_INFORMATION SUPPLIED:_
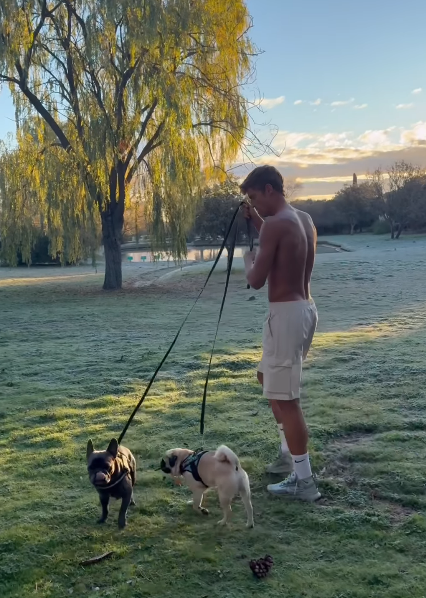 Marcos Llorente responde a las críticas por salir a la calle sin camiseta con cero grados: «A la gente le jode hacerlo y sufrir»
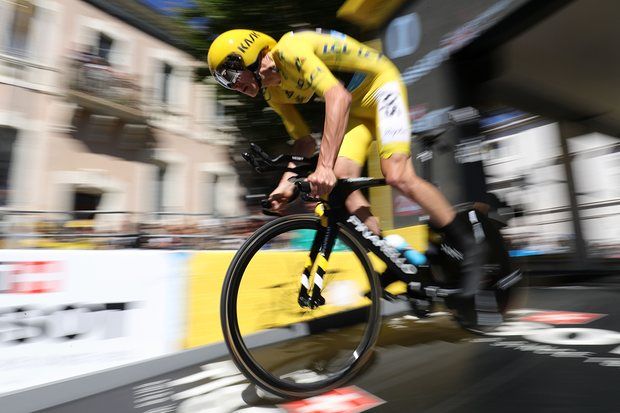 Chris Froome dengan jersey kuning sedang melaju di Tour de France Copyright: © 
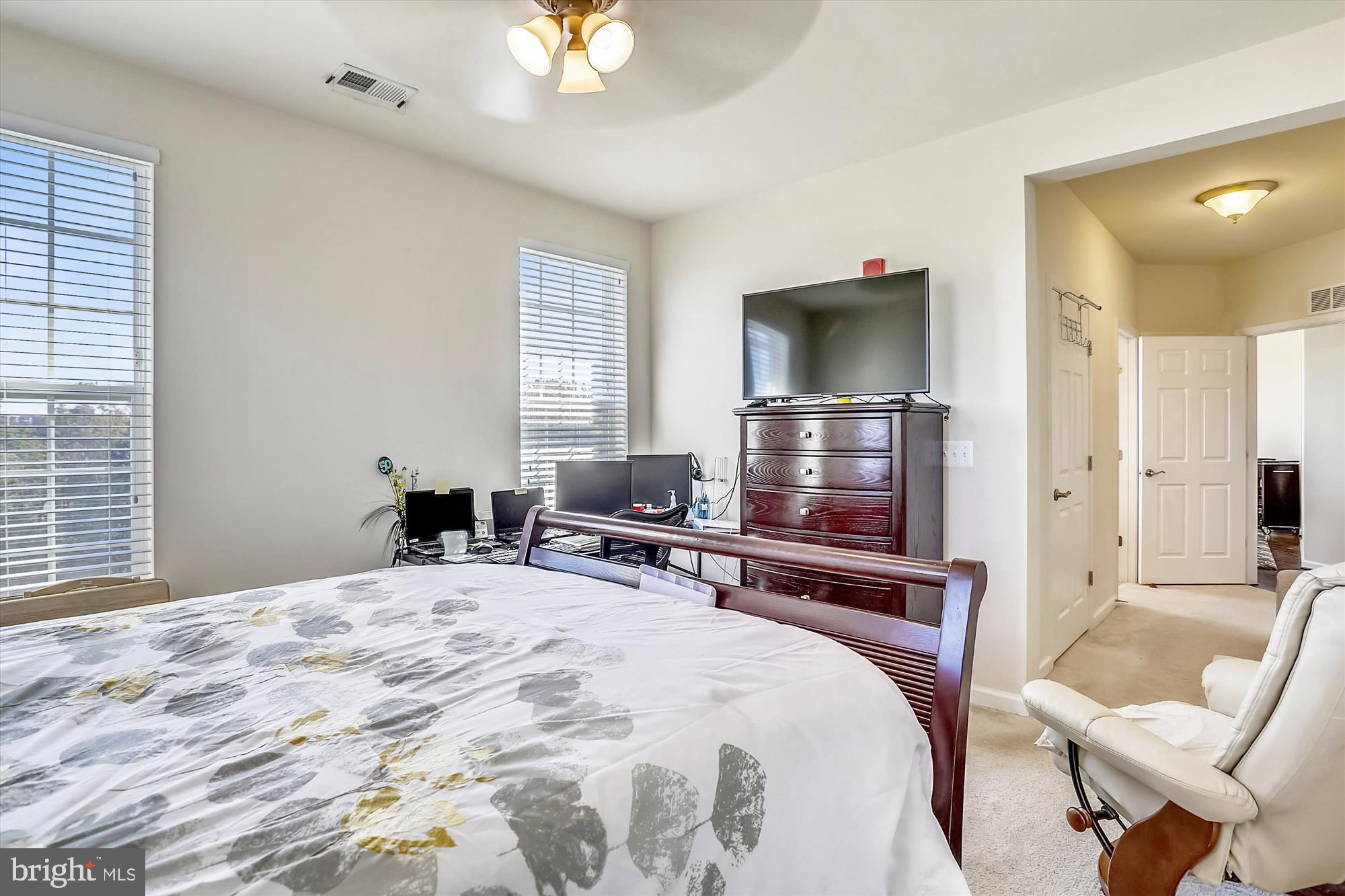 NORBECK CROSSING - Residential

_YOUR OBJECTIVE:_ Exactly as given, transcribe every line of the data, but not its images.

_EXPECTED OUTPUT:_
 Marcos Llorente responde a las críticas por salir a la calle sin camiseta con cero grados: «A la gente le jode hacerlo y sufrir»
 Chris Froome dengan jersey kuning sedang melaju di Tour de France Copyright: © 
 NORBECK CROSSING - Residential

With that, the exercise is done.